D’au­tant plus que Sartre ne paraît nulle­ment résigné à l’attentisme, puisqu’on le voit tout au con­traire prêch­er l’engagement : « L’existentialisme est un opti­misme, une doc­trine d’action », s’écrie-t-il. Seule­ment il oublie de mon­tr­er en quoi réside cet opti­misme et en quoi con­siste cette action. Peu importe, il insiste en dis­ant : « Si on a une théorie d’engagement, il faut s’engager jusqu’au bout. » Mais s’engager à quoi ? Est-ce à célébr­er l’absurde, accepter le dés­espoir et répan­dre le cynisme ? Hélas ! Sartre y excelle, et les résul­tats de sa pro­pa­gande sont des plus red­outa­bles, vu les rav­ages qu’elle accom­plit chez cer­tains jeunes, lesquels, dégagés de tous scrupules et de tous « préjugés », se livrent alors à une débauche dégradante et trop facile­ment contagieuse.

Que cette doc­trine vienne à se propager serait d’autant plus désolant qu’il y a dans tout être humain de mag­nifiques tré­sors de dévoue­ment, d’enthousiasme, de générosité en puis­sance, qui ne deman­dent qu’à s’employer, Mal­heureuse­ment l’occasion leur en est rarement offerte, sauf de loin en loin sur les champs de bataille, ce qui est pire que tout. Et d’ailleurs on remar­que chez les peu­ples une grande las­si­tude à l’endroit de tout cet héroïsme qui leur est péri­odique­ment demandé pour rien, puisque tout est per­pétuelle­ment à recom­mencer. C’est pourquoi il est temps d’apporter autre chose qui soit capa­ble de faire lever le souf­fle des grandes espérances rédemptrices.

Et quoi donc ? deman­dera-t-on. Eh bien mais le pro­gramme d’une civil­i­sa­tion nou­velle, duquel se dégagerait une promesse de bon­heur si évi­dente, que les mass­es humaines se mon­tr­eraient prêtes à se dévouer pour sa meilleure réus­site. Il y a en cha­cun de nous un besoin impérieux de se jeter à l’eau pour quelque chose qui en vaille la peine. Ce quelque chose ce devrait être le bon­heur unanime. Or, celui-là, il nous est don­né de le voir main­tenant à notre portée, depuis que les sci­ences nous ont procuré le pou­voir de dis­ci­plin­er à notre prof­it les forces de la nature. Il ne nous reste plus désor­mais qu’à les coor­don­ner, puis à dis­ci­plin­er les nôtres pro­pres : ces forces intérieures qui sont toutes puis­santes, mais que nous ne savons pas encore utilis­er pour le bien commun.

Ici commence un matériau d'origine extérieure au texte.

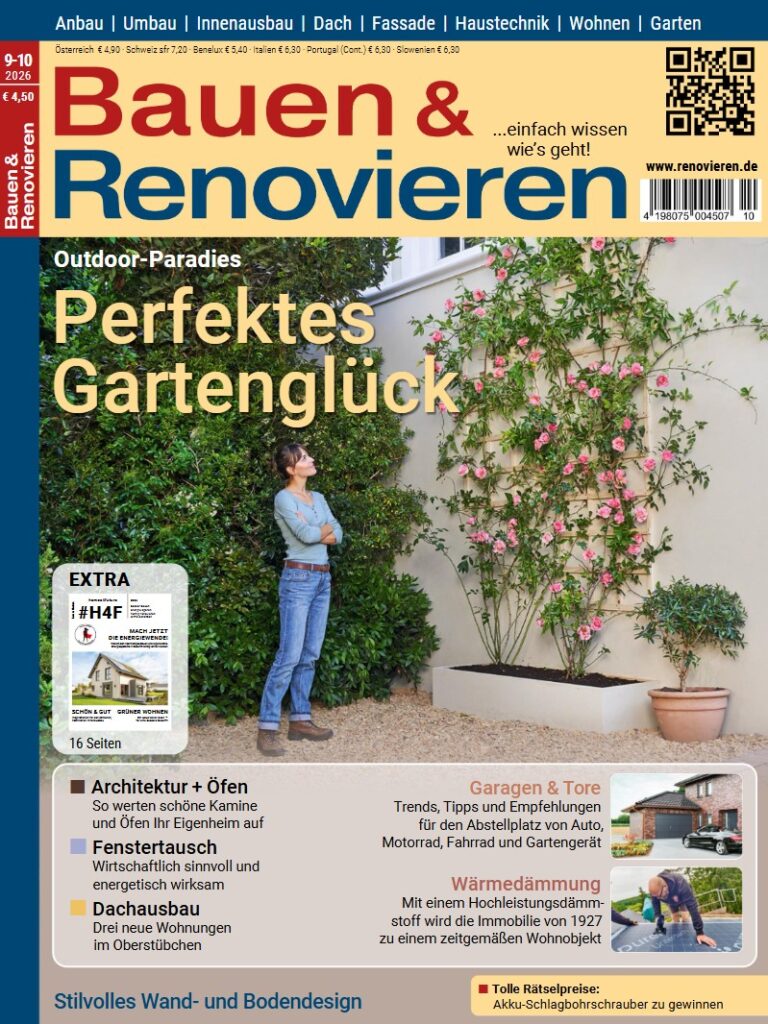 BuR-26-0910 Titel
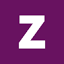 zeop.re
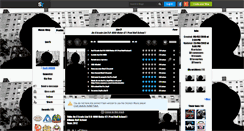 Desktop Screenshot of lims-94500.skyrock.com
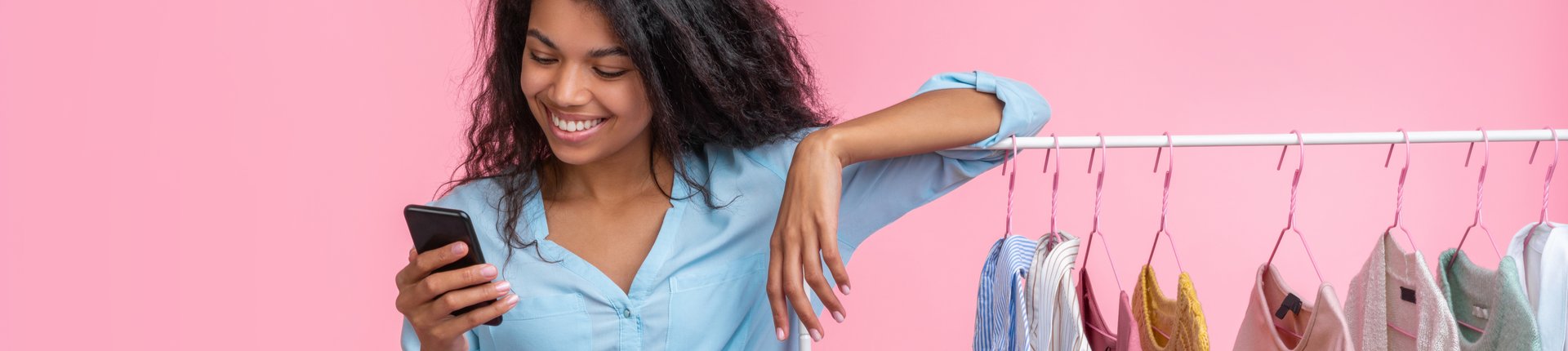 Plataforma de e-commerce para o setor de moda: por que ter?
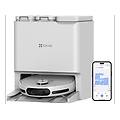 rs20 pro aspirapolvere robot 65 w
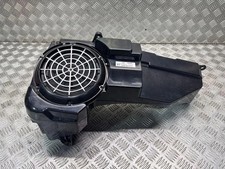 AUDI A7 Sportback 4GA, 4GF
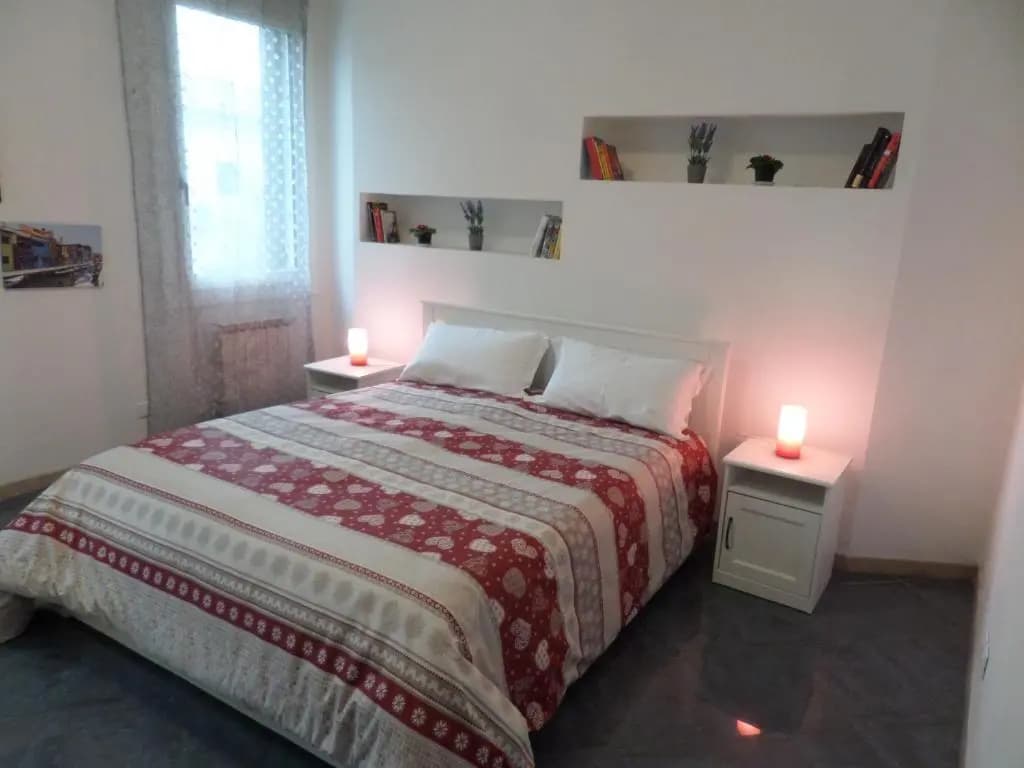 la casa di rita - photo 4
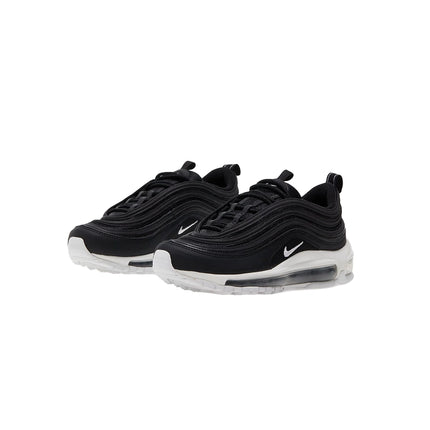 Nike Air Max 97 Black White - DripDrip Balkan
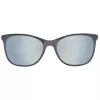 HELLY HANSEN Naiste päikeseprillid HH5021-C03-55 Must/Hall 55/18/140 mm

Le jour où nous y serons par­venus, nous assis­terons à la réc­on­cil­i­a­tion uni­verselle : la vraie, celle des cœurs, laque­lle nous apportera la paix défini­tive, dans l’amour retrou­vé et le bon­heur frater­nel. Il est mon­strueux d’affirmer, comme le font Hei­deg­ger et Sartre, que nous sommes « des êtres pour la mort ». En vérité, nous sommes « des êtres pour le bon­heur », et ce que nous atten­dons de l’existence n’est autre chose que ce bon­heur. C’est lui que souhaite l’humanité tout entière depuis le fond des siè­cles ; seule­ment, elle ne le sait pas encore. Le moment est venu de le lui appren­dre, afin d’allumer en elle la flamme des ent­hou­si­asmes intrépi­des et fer­vents, sans laque­lle rien de grand ne saurait s’accomplir dans notre pau­vre monde en mal de novation.